Ali Riaz, an Illinois State University politics professor and expert on Bangladesh, warned that Hasina was “digging her heels” in, adding he was “deeply concerned” at the crisis.
“This is an unprecedented popular uprising by all measures,” Riaz said. “Also, the ferocity of the state actors and regime loyalists is unmatched in history.”
Protesters in Dhaka on Sunday were seen climbing a statue of Hasina’s father Sheikh Mujibur Rahman, the country’s independence leader, and smashing it with hammers, according to videos on social media verified by AFP.
– ‘Walls are closing in’ –
In several cases, soldiers and police did not intervene to stem Sunday’s protests, unlike during the past month of rallies that repeatedly ended in deadly crackdowns.
Demonstrators in Dhaka, surrounded by a tightly packed and cheering crowd, waved a Bangladeshi flag on top of an armoured car as soldiers watched, according to videos verified by AFP.
“Let’s be clear: The walls are closing in on Hasina: She’s rapidly losing support and legitimacy,” Michael Kugelman, director of the South Asia Institute at the Washington-based Wilson Center, told AFP.
“The protests have taken on immense momentum, fuelled by raw anger but also by the confidence that comes with knowing that so much of the nation is behind them,” he said.
In a hugely symbolic rebuke of Hasina, a respected former army chief demanded the government “immediately” withdraw troops and allow protests.

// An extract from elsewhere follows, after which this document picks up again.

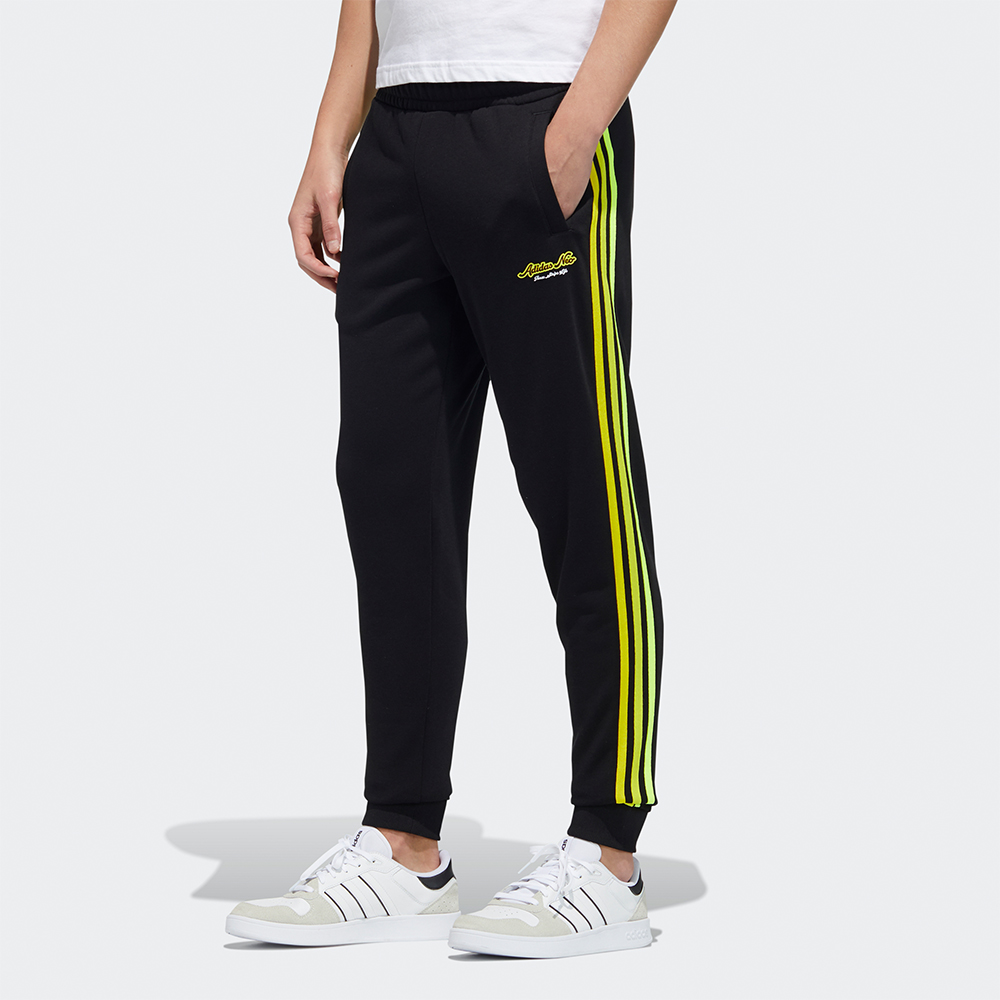 Мужские штаны adidas neo (черные) — фото 2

“Those who are responsible for pushing people of this country to a state of such an extreme misery will have to be brought to justice,” ex-army chief General Ikbal Karim Bhuiyan told reporters Sunday.
– ‘By the people’ –
The anti-government movement has attracted people from across society in the South Asian nation of about 170 million people, including film stars, musicians and singers.
Hasina has ruled Bangladesh since 2009 and won her fourth consecutive election in January after a vote without genuine opposition.
Her government is accused by rights groups of misusing state institutions to entrench its hold on power and stamp out dissent, including through the extrajudicial killing of opposition activists.
Demonstrations began over the reintroduction of a quota scheme that reserved more than half of all government jobs for certain groups.
The protests have escalated despite the scheme having been scaled back by Bangladesh’s top court.